▶ Aim of the exercise: The data beneath this task has to be reprinted character for character.

┌─ Supplied data

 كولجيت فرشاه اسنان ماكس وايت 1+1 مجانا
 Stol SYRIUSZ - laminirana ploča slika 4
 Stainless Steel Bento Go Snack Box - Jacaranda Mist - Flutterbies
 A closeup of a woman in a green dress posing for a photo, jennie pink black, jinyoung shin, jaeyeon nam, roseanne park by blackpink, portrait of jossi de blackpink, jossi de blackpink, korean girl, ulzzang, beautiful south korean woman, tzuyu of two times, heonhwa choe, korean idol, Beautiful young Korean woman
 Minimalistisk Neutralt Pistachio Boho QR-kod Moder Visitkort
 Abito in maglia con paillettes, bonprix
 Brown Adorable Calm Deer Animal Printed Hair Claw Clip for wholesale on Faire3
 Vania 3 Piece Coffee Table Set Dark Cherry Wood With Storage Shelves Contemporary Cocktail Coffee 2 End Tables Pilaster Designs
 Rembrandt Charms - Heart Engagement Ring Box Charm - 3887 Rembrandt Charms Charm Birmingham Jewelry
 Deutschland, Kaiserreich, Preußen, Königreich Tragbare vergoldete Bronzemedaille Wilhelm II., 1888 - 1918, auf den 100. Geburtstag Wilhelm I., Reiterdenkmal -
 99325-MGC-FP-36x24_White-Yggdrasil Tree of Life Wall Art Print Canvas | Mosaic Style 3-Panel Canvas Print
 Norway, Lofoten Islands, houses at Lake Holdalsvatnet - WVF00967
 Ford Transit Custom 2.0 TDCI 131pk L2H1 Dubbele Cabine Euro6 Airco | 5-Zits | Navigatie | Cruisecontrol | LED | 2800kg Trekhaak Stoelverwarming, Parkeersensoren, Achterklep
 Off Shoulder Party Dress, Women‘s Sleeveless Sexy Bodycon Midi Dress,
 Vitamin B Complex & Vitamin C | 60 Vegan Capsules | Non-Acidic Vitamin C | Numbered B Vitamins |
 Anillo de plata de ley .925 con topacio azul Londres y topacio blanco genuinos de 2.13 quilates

└─

▶ Problem solution:
 كولجيت فرشاه اسنان ماكس وايت 1+1 مجانا
 Stol SYRIUSZ - laminirana ploča slika 4
 Stainless Steel Bento Go Snack Box - Jacaranda Mist - Flutterbies
 A closeup of a woman in a green dress posing for a photo, jennie pink black, jinyoung shin, jaeyeon nam, roseanne park by blackpink, portrait of jossi de blackpink, jossi de blackpink, korean girl, ulzzang, beautiful south korean woman, tzuyu of two times, heonhwa choe, korean idol, Beautiful young Korean woman
 Minimalistisk Neutralt Pistachio Boho QR-kod Moder Visitkort
 Abito in maglia con paillettes, bonprix
 Brown Adorable Calm Deer Animal Printed Hair Claw Clip for wholesale on Faire3
 Vania 3 Piece Coffee Table Set Dark Cherry Wood With Storage Shelves Contemporary Cocktail Coffee 2 End Tables Pilaster Designs
 Rembrandt Charms - Heart Engagement Ring Box Charm - 3887 Rembrandt Charms Charm Birmingham Jewelry
 Deutschland, Kaiserreich, Preußen, Königreich Tragbare vergoldete Bronzemedaille Wilhelm II., 1888 - 1918, auf den 100. Geburtstag Wilhelm I., Reiterdenkmal -
 99325-MGC-FP-36x24_White-Yggdrasil Tree of Life Wall Art Print Canvas | Mosaic Style 3-Panel Canvas Print
 Norway, Lofoten Islands, houses at Lake Holdalsvatnet - WVF00967
 Ford Transit Custom 2.0 TDCI 131pk L2H1 Dubbele Cabine Euro6 Airco | 5-Zits | Navigatie | Cruisecontrol | LED | 2800kg Trekhaak Stoelverwarming, Parkeersensoren, Achterklep
 Off Shoulder Party Dress, Women‘s Sleeveless Sexy Bodycon Midi Dress,
 Vitamin B Complex & Vitamin C | 60 Vegan Capsules | Non-Acidic Vitamin C | Numbered B Vitamins |
 Anillo de plata de ley .925 con topacio azul Londres y topacio blanco genuinos de 2.13 quilates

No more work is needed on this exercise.